During social isolation shopping sprees, chances are you were either racing to the toiletry aisles to buy toilet tissue before it was all gone or staring at empty shelves. While some consumers took tabs on toilet tissue being in stock in brick-and-mortar stores again, others shopped online.
Then came the third set of people who finally threw their hands in the air and searched for instructions explaining “How to install a bidet.” Although abnormal in the United States, bidets are common in private homes and public businesses in Argentina, Italy, Japan, Portugal, and Venezuela.
With origins in France during the 17th century (1), bidets have been around for quite some time and saving people plenty of money on toilet tissue runs. However, because they are so rare in some countries, knowing how to use them is half the battle.
Then comes learning the difference between electric and non-electric bidets. And finally, there’s the matter of installing a bidet. Let’s explore all of the above.
How To Install a Bidet
Tools and Materials Required
You don’t need a lot of tools to install a bidet. As long as you have an adjustable wrench and a couple of towels, you should be able to dive right in. If you know how to turn off the water and drain your toilet correctly, you may not even need the towels for more than back-up drips.
If you are nervous about operating your shut-off valve to turn the water off and detaching the water supply hose, keep a few extra towels nearby just in case. (Optional: Although you may not need it, keeping Teflon tape nearby for a potential leak helps.)
Before you flush your toilet, use the shut-off valve to stop the water supply to your toilet. Then flush the toilet until the water is out. (If you do it in the opposite order, the toilet will continue to fill up.)
Bidets (whether electric or non-electric) always come with their installation equipment (ex. bidet seat mounting plate, aka catch plate). However, you will need to remove your toilet seat altogether.

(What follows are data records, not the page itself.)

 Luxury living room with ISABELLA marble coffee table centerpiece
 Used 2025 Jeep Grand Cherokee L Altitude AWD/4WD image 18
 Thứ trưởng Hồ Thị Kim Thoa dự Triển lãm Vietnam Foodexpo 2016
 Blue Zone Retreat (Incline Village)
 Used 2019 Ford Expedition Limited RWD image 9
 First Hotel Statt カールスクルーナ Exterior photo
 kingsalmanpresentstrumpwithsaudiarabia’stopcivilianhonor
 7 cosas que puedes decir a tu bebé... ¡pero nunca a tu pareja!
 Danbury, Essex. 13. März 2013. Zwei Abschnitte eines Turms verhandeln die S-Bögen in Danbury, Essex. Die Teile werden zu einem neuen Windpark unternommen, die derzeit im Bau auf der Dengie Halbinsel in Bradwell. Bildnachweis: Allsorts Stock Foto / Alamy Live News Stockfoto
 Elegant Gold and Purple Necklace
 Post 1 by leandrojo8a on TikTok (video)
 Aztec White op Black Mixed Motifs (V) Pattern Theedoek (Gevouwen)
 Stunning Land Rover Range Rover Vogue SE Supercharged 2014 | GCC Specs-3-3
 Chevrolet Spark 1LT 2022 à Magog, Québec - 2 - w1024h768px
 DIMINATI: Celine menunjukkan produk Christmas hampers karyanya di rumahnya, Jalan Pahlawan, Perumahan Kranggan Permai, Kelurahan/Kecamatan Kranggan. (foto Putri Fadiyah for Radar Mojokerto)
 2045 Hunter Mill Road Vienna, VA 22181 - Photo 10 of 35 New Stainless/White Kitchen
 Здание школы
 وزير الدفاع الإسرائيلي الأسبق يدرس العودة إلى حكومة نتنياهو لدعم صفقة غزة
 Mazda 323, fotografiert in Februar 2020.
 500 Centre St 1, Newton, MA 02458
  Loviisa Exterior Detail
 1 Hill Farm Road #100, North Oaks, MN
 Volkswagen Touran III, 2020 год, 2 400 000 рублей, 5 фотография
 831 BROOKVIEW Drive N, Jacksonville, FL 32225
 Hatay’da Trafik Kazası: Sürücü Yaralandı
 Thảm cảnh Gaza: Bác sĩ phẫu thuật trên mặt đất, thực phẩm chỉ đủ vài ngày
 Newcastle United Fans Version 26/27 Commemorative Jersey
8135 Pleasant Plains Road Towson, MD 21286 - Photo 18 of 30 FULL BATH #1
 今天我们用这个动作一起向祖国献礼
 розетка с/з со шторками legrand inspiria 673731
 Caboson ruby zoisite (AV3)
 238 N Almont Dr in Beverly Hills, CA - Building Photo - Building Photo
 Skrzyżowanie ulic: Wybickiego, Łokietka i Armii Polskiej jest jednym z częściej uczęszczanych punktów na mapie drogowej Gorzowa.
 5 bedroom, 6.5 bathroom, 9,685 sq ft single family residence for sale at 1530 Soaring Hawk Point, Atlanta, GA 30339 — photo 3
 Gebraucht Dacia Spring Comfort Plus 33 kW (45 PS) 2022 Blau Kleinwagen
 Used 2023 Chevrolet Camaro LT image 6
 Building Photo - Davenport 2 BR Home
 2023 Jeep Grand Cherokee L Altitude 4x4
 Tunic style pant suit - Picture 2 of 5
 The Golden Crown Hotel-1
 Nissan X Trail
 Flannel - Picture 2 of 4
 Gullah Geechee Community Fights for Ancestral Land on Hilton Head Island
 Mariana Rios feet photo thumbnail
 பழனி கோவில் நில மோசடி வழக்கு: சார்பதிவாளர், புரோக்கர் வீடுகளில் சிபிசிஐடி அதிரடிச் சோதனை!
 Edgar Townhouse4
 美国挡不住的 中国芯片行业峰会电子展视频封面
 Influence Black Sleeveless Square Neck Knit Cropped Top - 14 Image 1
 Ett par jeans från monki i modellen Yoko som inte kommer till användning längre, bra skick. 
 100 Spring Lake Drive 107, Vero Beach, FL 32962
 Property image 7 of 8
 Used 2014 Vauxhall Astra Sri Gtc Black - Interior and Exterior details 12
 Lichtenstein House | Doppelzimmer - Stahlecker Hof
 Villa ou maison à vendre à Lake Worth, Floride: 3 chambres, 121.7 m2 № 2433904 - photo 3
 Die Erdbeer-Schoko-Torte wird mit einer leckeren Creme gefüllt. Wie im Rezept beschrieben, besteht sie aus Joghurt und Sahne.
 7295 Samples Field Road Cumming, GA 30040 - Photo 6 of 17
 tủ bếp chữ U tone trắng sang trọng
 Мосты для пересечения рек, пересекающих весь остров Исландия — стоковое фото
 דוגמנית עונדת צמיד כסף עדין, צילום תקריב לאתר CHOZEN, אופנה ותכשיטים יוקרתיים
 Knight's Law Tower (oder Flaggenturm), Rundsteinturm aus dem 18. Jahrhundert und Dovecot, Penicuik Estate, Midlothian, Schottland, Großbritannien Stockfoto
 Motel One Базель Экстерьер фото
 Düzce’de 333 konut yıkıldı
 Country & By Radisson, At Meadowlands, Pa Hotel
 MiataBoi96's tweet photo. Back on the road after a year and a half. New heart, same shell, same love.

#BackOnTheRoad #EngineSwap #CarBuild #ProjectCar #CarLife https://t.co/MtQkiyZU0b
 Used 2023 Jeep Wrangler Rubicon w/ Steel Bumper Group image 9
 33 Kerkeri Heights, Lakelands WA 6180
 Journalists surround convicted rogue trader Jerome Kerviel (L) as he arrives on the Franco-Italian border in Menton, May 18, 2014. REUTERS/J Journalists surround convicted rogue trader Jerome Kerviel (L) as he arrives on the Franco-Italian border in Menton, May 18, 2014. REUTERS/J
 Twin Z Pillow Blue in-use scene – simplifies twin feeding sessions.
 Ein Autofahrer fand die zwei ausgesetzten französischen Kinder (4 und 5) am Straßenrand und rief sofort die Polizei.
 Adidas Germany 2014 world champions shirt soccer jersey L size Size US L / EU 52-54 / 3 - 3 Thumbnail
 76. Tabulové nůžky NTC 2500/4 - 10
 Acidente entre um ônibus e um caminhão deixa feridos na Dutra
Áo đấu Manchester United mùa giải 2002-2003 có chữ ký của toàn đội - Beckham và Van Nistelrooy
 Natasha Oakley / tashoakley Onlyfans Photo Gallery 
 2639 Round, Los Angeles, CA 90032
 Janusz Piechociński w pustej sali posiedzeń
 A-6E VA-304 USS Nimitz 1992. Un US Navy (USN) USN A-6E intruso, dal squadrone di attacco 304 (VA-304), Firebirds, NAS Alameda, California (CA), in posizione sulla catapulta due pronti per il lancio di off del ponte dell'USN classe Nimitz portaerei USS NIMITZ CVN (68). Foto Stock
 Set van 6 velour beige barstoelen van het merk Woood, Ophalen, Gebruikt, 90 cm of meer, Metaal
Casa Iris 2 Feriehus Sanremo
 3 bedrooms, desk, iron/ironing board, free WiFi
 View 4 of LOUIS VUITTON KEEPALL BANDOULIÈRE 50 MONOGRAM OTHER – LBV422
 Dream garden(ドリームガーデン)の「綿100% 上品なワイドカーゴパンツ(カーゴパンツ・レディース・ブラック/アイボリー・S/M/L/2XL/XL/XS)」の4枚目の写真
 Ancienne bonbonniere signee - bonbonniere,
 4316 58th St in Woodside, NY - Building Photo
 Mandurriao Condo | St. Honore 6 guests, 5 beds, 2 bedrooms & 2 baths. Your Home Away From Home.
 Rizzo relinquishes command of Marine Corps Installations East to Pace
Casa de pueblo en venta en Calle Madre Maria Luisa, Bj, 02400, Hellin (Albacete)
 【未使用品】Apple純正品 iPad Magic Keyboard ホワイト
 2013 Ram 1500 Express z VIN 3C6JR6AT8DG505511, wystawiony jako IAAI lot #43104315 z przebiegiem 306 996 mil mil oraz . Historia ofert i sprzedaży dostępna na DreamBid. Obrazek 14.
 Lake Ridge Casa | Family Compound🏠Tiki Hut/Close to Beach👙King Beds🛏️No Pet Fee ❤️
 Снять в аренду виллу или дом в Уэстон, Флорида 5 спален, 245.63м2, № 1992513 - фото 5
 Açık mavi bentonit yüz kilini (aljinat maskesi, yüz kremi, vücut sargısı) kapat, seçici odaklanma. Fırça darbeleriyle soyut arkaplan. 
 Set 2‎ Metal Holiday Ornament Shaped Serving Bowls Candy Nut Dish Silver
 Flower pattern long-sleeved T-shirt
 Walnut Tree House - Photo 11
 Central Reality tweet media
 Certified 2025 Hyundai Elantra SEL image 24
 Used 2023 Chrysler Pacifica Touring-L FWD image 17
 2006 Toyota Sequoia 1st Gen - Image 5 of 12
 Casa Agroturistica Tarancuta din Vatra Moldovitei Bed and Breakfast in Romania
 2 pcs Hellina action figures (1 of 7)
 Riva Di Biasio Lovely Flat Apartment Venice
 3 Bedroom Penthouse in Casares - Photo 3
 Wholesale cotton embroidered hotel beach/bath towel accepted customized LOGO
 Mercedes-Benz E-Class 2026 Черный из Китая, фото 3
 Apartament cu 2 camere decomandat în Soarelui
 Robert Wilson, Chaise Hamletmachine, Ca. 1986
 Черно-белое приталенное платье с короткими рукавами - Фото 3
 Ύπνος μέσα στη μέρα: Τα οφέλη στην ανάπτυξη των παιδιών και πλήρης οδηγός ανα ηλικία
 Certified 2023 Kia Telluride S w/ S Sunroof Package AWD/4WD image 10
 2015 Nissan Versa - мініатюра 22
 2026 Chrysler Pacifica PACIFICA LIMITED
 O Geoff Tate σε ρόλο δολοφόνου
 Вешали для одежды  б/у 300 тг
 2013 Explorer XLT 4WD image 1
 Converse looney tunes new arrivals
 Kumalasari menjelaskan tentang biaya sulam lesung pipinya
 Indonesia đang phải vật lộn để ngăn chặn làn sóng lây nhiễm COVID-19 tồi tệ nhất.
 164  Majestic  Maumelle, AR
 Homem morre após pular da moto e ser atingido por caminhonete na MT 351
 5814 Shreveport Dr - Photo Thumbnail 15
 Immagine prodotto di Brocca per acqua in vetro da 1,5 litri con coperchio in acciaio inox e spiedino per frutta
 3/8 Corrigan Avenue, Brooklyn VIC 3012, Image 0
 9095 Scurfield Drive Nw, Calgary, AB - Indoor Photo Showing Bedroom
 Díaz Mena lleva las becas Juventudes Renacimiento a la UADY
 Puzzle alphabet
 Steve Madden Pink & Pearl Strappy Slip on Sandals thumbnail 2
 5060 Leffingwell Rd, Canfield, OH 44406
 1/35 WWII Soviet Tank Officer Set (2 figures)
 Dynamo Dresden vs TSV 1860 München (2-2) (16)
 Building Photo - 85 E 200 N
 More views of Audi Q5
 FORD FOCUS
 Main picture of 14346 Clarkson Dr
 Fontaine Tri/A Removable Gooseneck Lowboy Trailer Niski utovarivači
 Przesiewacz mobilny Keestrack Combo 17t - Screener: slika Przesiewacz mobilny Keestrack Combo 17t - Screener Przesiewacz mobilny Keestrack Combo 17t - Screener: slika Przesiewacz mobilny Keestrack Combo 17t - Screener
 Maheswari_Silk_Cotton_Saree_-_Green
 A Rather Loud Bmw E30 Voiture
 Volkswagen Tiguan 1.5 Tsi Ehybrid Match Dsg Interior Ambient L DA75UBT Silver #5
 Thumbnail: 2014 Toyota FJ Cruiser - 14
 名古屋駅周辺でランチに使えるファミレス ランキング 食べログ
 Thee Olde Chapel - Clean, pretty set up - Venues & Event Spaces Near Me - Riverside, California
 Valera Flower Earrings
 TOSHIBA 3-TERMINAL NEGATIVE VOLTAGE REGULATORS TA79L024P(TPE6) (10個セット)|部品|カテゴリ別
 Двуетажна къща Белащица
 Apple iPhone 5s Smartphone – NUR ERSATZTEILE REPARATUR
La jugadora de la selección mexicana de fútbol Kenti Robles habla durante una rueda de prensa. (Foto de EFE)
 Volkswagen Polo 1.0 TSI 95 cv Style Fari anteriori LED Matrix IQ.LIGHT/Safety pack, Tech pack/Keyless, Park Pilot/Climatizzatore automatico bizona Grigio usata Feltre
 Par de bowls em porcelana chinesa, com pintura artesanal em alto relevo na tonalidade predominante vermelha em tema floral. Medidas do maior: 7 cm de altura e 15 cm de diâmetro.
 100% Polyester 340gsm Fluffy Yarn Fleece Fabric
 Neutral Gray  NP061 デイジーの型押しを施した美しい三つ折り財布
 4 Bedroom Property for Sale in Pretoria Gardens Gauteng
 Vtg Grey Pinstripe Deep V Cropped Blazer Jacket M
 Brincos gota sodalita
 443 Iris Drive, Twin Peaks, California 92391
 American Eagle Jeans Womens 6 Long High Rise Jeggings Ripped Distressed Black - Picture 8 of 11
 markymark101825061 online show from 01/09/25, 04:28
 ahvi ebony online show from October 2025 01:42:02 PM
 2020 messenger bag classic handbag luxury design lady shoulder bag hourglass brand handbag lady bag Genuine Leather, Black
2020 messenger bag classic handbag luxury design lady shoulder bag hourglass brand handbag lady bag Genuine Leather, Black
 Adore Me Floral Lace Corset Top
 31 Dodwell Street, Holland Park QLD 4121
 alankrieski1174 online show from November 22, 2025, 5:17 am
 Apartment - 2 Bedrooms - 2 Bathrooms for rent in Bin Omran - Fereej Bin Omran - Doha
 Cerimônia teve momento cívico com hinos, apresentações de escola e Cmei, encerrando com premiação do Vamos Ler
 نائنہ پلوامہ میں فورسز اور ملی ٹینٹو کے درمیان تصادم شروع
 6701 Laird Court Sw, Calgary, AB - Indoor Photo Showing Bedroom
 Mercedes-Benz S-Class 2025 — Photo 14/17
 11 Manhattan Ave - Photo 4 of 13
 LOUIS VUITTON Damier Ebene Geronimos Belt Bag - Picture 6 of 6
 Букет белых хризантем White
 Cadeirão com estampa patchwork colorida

Depending on which kind of toilet seat you currently have, a wrench may or may not be needed. Sometimes you can reach under the toilet seat and twist the two plastic bolts and nuts with just your hands.
Once your toilet seat is removed, attach the bidet seat by aligning the catch plate over the bolt holes and sliding it into place via the brackets.
Make sure that the release button works before you tighten the bolts. Once you can confirm, it can release and lock, then tighten. (For some bidets, you’ll hear a “clicking” into place to make sure it’s properly locked. Still tighten as needed. Otherwise, it may unclick out of place and slide around.)
Now that the bidet toilet seat is in place detach the toilet’s water supply hose from the bottom of the toilet tank (the part where the water floats around) and the “wall” connection.
Attach the bidet T-valve to the base of the tank.
Attach the water supply hose to the “wall” connection of the T-valve. (Note: Depending on what kind of bidet you have, there is a small possibility that your current T-valve may not work with the bidet.
If so, measure your shut-off valve to determine whether you need a ⅜ or a ½ replacement T-valve. The average handyman or standard home improvement retailers should be able to show you other options if you tell them yours is either too small or too large.)
Now attach one end of the bidet’s supply hose to the upper connection of the T-valve.
Then attach the other end (the free end) of the bidet hose to the seat.
Slowly turn on the water but immediately look for leaks.
Things That Could Go Wrong
If water comes shooting out, you have not adequately secured your water supply hoses. (If you’re sure that you have connected the hoses as much as you can, this is when Teflon tape comes into play. Wrap it around the pipe thread in the opposite direction of how you would screw the T-valve on.
Avoid using so much tape that you can’t screw it back on at all, just enough to “thicken” the leaky area up. Now re-attach everything.)
Turn the water on again, and now see if the leaks have stopped. If you have a hand-held sprayer, precisely one with an optional hot and cold water lever, make sure the sprayer does both. If your bidet comes with an air dryer and a self-cleaning sprayer, make sure those turn on and off correctly, too.
Installing a bidet should be a relatively simple job that takes anywhere from 20 minutes to an hour to do. If you’re new to bidet installation, take your time. Do not be in such a rush to use it that you end up ruining your floors (or your neighbors below) with a water leak.
As long as you are comfortable using a wrench and already understand how to turn your water off and on, this plumbing job should not require a professional.
Make sure that you always read any additional instructions about your bidet when not in use. For example, for electric bidets, it is recommended to turn them off during thunderstorms.
Non-electric bidets have somewhat fewer warnings and no weather-related concerns. If you follow these installation instructions and make sure to correct any leaks immediately, your bidet should last for many years.